Avec cette privatisation totale, le Gouvernement accélère la destruction d'un service public crucial pour la promotion de l'égal accès de tous aux télécommunications.
Le mois dernier, le Gouvernement a engagé la privatisation d'Aéroports de Paris.
Cerise sur le gâteau : vous proposez aujourd'hui que l'entreprise DCN ne soit détenue que majoritairement par l'Etat, et non exclusivement par l'Etat. Vous avez de la constance, puisque c'est ce que proposait, vous l'avez rappelé tout à l'heure, madame la ministre, un amendement de la commission des affaires étrangères du Sénat en 2001.
D'ailleurs, vous réalisez cette ouverture au moment où DCN dégage un résultat positif, c'est-à-dire bien plus tôt que ce qui avait été envisagé. Nul doute que cela intéressera des actionnaires ; c'est sûrement, à la veille de Noël, un cadeau qu'ils apprécieront !
Le Gouvernement l'a déclaré, vous n'allez pas en rester là et vous voulez aller vite. Vos amis du MEDEF piaffent d'impatience, ils vous le font sentir en permanence. Vous allez mettre sur le marché environ 30 % du capital du groupe nucléaire français Areva, entreprise hautement stratégique.
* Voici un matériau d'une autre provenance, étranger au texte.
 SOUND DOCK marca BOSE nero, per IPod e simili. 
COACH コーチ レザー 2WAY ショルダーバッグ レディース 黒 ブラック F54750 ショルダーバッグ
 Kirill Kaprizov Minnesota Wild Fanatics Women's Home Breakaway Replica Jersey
Cette ouverture se fera vraisemblablement aux dépens du Commissariat à l'énergie atomique, qui verrait passer ses parts de 79 % à moins de 60 %.
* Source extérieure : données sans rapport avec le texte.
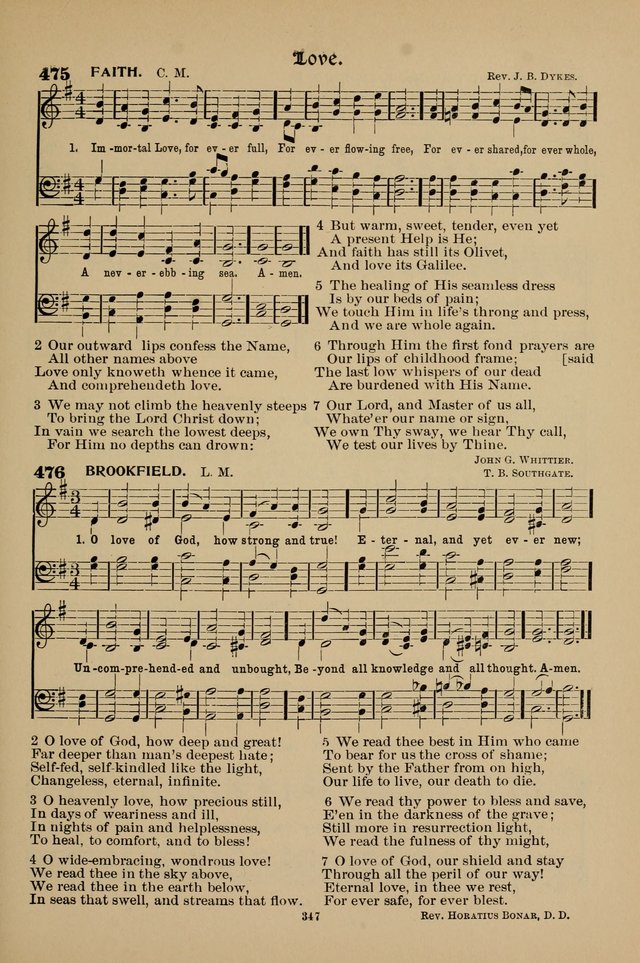 Hymnal Companion to the Prayer Book with Accompanying Tunes (Second Edition) page 348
Comme pour le groupe Alstom, comme pour DCN, ce seront les profits pour le capital privé et les investissements à long terme et les charges lourdes pour la nation.
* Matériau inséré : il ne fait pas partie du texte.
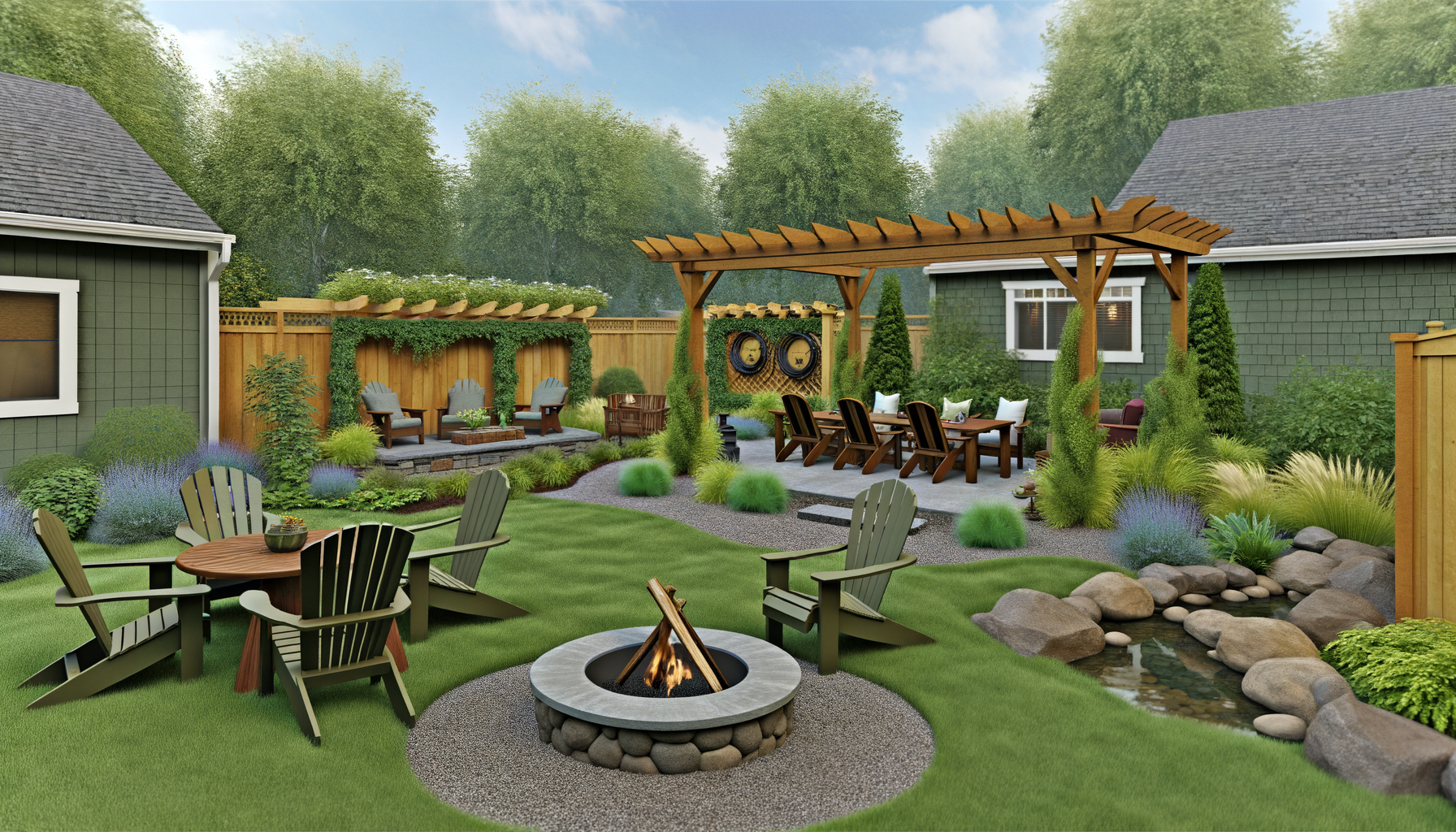 Image for Backyard Retreats: Creating Personal Paradises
Pour la construction navale, vous auriez souhaité aller plus vite encore en réalisant cette transformation par la voie d'un amendement glissé subrepticement, mais le Conseil d'Etat vous a rappelé que, s'agissant d'une modification aussi substantielle, un projet de loi était nécessaire.
Vous nous proposez donc d'examiner un projet de loi qui conduirait à très court terme à la privatisation totale de la DCN.
Certes, vous ne présentez pas les choses ainsi, mais comment pourrait-il en être autrement ? La méthode, fût-elle quelque peu différente d'une fois sur l'autre, engendre systématiquement les mêmes effets.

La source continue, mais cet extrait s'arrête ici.